Exactly reproduce the lines from the top of the entries below through the line containing "TraceIT — Suggested", with both ends included.

[Records from a collection]
○ ○ ○ ○ ○ ○ ○

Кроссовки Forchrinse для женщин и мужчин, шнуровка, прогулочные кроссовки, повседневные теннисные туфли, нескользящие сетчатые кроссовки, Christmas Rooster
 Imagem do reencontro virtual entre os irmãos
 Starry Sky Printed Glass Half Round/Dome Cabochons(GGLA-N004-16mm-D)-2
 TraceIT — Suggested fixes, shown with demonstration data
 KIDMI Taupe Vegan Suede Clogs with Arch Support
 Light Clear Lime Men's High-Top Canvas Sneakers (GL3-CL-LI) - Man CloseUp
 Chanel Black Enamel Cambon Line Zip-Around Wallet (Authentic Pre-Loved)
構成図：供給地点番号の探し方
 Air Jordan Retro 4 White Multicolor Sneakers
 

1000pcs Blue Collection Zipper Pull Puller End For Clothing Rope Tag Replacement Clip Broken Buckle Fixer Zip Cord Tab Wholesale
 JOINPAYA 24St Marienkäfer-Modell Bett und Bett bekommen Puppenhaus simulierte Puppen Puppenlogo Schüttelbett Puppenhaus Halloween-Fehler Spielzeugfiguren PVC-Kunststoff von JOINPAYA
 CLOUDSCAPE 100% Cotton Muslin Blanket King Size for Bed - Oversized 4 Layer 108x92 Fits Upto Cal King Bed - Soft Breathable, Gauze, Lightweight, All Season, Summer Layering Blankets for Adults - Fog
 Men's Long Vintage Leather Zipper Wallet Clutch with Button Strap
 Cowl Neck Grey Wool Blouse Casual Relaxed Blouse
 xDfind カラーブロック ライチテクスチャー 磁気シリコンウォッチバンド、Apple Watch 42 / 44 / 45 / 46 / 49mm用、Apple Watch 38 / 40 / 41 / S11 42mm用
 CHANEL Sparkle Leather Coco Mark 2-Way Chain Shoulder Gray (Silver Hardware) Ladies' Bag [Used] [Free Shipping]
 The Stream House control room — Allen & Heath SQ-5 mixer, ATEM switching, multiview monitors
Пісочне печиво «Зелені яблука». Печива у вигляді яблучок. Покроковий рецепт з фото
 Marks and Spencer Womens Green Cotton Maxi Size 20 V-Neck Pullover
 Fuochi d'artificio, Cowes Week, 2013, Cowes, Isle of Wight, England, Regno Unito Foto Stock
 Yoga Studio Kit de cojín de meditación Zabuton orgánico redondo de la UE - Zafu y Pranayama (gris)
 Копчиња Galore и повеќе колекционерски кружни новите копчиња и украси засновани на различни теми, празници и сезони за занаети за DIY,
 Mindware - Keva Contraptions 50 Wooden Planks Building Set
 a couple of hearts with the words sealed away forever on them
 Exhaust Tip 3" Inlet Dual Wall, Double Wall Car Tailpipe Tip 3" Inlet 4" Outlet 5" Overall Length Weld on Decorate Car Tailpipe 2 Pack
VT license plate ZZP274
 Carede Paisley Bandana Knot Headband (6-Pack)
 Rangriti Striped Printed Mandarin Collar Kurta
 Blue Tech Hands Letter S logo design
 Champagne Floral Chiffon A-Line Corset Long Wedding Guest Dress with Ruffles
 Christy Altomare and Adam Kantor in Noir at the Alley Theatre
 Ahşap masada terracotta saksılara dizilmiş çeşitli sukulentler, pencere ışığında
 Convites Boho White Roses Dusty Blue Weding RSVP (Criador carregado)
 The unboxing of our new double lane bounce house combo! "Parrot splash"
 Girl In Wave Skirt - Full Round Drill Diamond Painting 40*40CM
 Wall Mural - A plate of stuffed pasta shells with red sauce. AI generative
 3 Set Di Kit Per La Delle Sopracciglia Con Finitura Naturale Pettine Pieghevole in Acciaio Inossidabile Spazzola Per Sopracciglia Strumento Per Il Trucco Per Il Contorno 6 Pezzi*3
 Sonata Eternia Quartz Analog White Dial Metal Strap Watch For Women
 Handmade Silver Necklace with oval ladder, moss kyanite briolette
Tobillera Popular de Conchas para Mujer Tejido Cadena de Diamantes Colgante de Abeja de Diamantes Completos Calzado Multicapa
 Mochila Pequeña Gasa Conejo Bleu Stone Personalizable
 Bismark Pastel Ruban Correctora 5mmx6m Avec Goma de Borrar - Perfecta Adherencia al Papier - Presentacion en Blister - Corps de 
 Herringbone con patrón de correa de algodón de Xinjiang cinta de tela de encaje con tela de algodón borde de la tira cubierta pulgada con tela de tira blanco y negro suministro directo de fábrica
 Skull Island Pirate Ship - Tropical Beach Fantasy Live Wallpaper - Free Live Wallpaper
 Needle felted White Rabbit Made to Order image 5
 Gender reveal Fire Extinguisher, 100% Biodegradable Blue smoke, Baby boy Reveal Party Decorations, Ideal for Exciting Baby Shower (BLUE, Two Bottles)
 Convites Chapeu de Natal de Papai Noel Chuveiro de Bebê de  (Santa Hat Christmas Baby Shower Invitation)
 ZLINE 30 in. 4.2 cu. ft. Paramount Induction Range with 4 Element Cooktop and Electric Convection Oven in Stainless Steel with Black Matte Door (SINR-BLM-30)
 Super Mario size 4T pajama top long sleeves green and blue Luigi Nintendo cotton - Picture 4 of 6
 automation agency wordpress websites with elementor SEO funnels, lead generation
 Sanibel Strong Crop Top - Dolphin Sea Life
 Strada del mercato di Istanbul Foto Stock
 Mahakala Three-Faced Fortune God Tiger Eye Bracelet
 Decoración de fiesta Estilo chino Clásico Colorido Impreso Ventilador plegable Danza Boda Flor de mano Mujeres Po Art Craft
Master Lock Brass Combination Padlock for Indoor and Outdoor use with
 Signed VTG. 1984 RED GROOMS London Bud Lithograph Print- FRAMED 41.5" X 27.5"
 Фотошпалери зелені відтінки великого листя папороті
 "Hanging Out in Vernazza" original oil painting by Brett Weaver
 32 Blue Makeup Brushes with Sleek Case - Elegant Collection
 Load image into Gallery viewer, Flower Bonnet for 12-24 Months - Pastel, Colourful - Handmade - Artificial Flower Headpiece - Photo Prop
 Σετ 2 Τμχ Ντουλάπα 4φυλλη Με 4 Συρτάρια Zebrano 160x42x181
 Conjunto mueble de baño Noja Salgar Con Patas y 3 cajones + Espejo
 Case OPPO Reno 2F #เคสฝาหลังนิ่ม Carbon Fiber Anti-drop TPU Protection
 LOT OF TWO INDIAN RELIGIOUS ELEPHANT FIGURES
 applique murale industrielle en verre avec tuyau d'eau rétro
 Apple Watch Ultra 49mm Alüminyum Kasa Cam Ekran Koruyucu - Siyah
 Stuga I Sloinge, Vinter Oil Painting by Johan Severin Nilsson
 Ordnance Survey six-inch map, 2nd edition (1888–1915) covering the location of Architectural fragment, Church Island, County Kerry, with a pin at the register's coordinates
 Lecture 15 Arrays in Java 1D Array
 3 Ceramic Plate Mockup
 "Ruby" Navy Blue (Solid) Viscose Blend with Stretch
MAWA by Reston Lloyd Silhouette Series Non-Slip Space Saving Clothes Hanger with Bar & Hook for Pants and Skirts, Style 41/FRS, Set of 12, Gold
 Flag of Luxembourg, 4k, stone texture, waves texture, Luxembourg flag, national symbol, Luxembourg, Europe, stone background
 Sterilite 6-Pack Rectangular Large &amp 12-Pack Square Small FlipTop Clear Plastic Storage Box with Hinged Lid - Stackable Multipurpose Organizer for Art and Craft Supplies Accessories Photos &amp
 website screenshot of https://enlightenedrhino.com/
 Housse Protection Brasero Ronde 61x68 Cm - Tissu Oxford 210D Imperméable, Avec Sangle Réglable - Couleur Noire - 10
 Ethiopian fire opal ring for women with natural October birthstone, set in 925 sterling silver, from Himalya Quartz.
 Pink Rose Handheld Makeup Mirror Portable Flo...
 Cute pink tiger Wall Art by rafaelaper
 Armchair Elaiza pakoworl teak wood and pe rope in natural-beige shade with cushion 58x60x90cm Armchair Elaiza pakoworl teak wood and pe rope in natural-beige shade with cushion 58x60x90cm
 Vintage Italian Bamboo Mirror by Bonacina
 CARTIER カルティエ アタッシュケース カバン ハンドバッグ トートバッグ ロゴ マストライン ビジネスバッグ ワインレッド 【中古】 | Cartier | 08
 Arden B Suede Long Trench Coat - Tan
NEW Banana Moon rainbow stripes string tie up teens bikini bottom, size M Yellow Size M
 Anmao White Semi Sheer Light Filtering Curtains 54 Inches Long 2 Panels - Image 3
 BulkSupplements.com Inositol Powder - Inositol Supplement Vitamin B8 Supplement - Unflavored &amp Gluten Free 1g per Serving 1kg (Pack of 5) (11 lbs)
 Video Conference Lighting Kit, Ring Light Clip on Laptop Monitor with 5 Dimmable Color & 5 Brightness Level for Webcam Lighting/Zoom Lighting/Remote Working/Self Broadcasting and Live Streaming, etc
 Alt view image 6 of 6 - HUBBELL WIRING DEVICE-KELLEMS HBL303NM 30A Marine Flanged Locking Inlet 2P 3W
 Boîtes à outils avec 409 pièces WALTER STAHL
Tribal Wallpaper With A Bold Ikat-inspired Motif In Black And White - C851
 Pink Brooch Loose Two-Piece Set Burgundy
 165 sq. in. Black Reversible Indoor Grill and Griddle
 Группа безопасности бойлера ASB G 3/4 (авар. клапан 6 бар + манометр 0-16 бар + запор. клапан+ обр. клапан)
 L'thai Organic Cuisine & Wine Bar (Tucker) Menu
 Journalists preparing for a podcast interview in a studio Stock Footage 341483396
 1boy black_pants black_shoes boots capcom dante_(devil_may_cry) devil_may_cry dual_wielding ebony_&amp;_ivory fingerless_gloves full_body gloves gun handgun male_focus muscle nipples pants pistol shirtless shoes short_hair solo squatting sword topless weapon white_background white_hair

○ ○ ○ ○ ○ ○ ○

**Solution for this exercise**
Кроссовки Forchrinse для женщин и мужчин, шнуровка, прогулочные кроссовки, повседневные теннисные туфли, нескользящие сетчатые кроссовки, Christmas Rooster
 Imagem do reencontro virtual entre os irmãos
 Starry Sky Printed Glass Half Round/Dome Cabochons(GGLA-N004-16mm-D)-2
 TraceIT — Suggested fixes, shown with demonstration data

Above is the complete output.